_Exercise aim_: What are the lines from the top of the entries below through the line containing "Memory foam insoles are"? Return them exactly, both ends included, without the pictures.

───── Supplied material

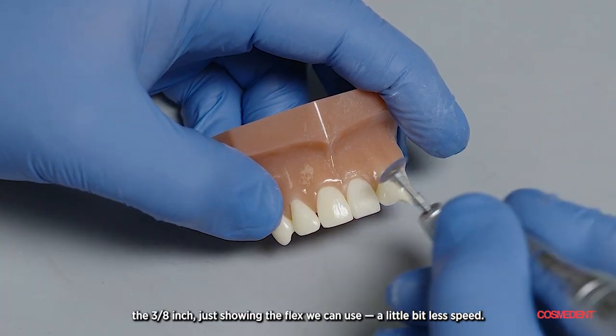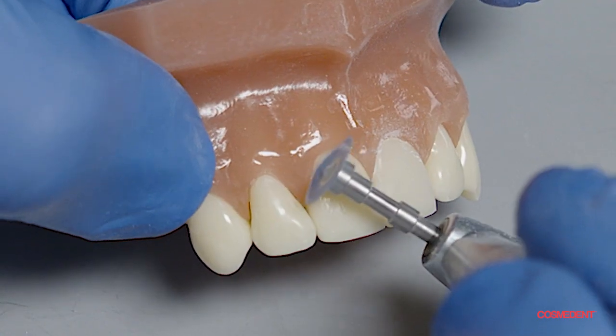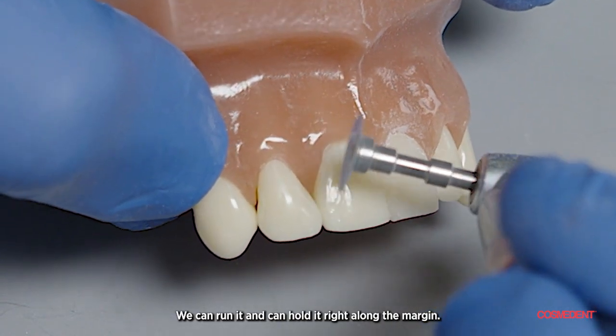Now showing the three-eighths inch disc — just showing the flex we can use with a little less bead. We can hold it right along the margin.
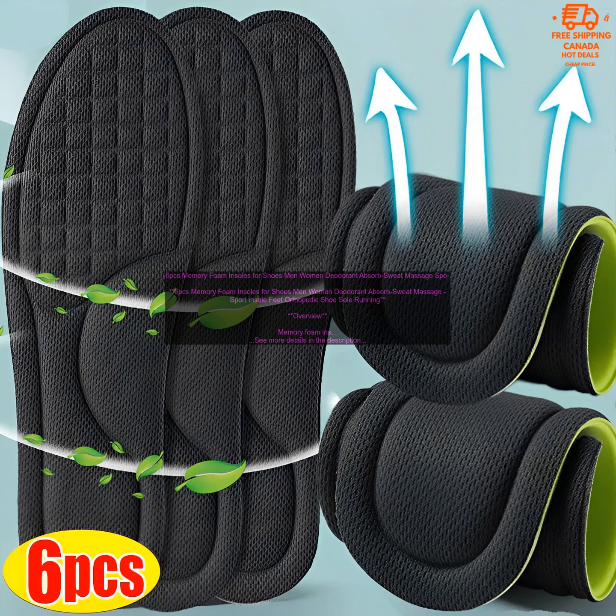Memory foam insoles are typically made from a variety of materials, including polyurethane foam, viscoelastic foam, and gel. The type of material used will affect the comfort, support, and durability of the insoles. Memory foam insoles can range in price from a few dollars to several hundred dollars, depending on the brand, materials, and features.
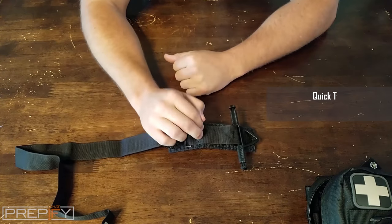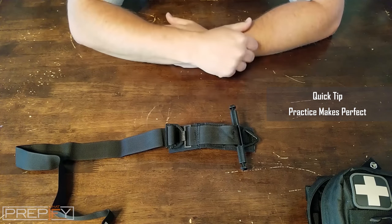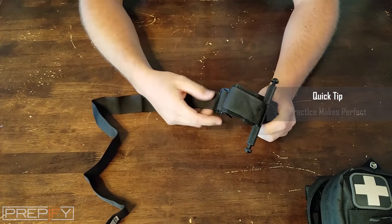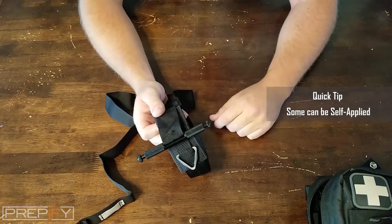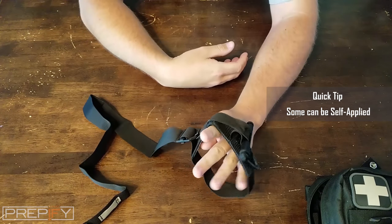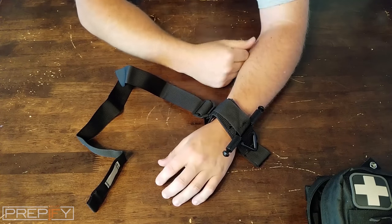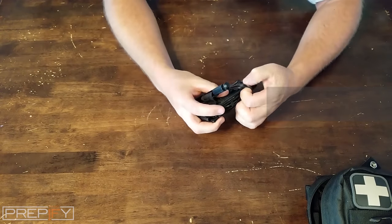Whichever tourniquet you go with, make sure you practice with it. Find a training one, or buy a couple, and save your real one for when you actually need it. One reason the military likes their personnel to carry this is that it can be applied with just one hand — you can grab it, fight it with your teeth to pull it tight, and then use one arm to twist it down.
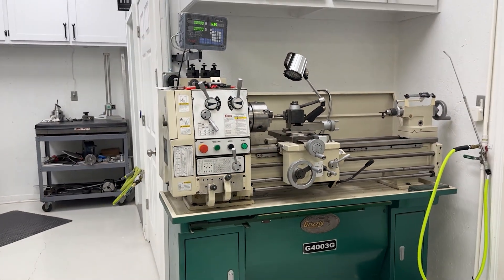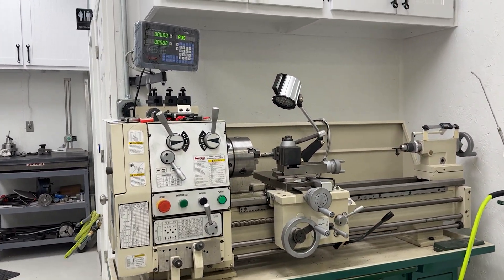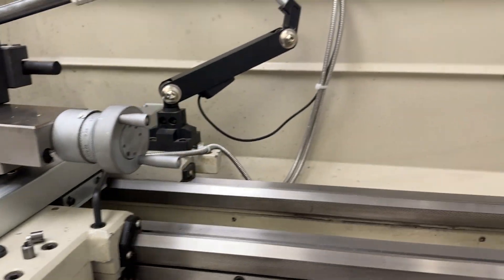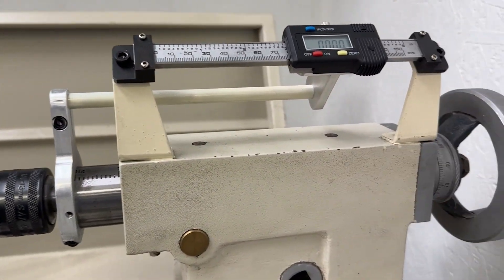Today, we're bringing you along as we install digital readouts on our lathe. Not just that, we're also upgrading our mill and grinder with new readouts as well. It's a fast-paced ride through the shop, so let's get to work.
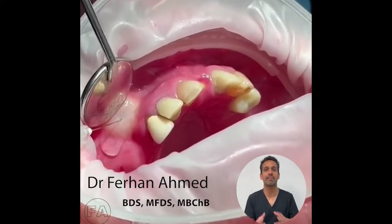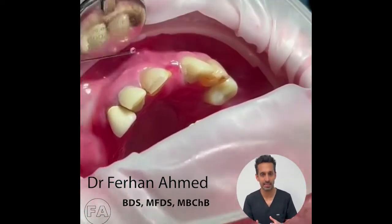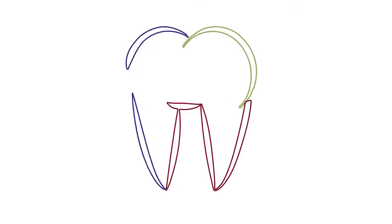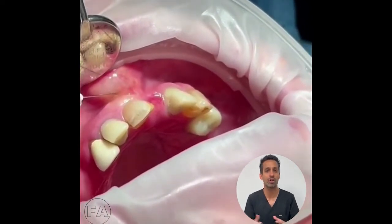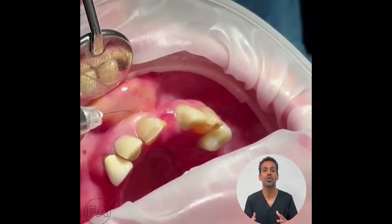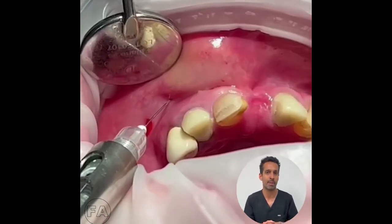Hi, this week's clinical tip. I'm demonstrating how to give local anaesthesia. A common challenge faced by many colleagues doing full arch implant treatment is loss of anaesthesia midway through a full arch implant treatment.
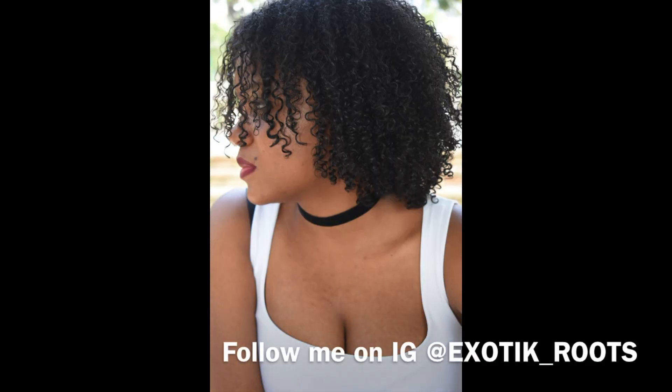Thank you guys so much for watching! Let me know what you would like to see next. I also have an Instagram account, so you can follow if you'd like.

──────────

_Result_:
Now showing the three-eighths inch disc — just showing the flex we can use with a little less bead. We can hold it right along the margin.
Memory foam insoles are typically made from a variety of materials, including polyurethane foam, viscoelastic foam, and gel. The type of material used will affect the comfort, support, and durability of the insoles. Memory foam insoles can range in price from a few dollars to several hundred dollars, depending on the brand, materials, and features.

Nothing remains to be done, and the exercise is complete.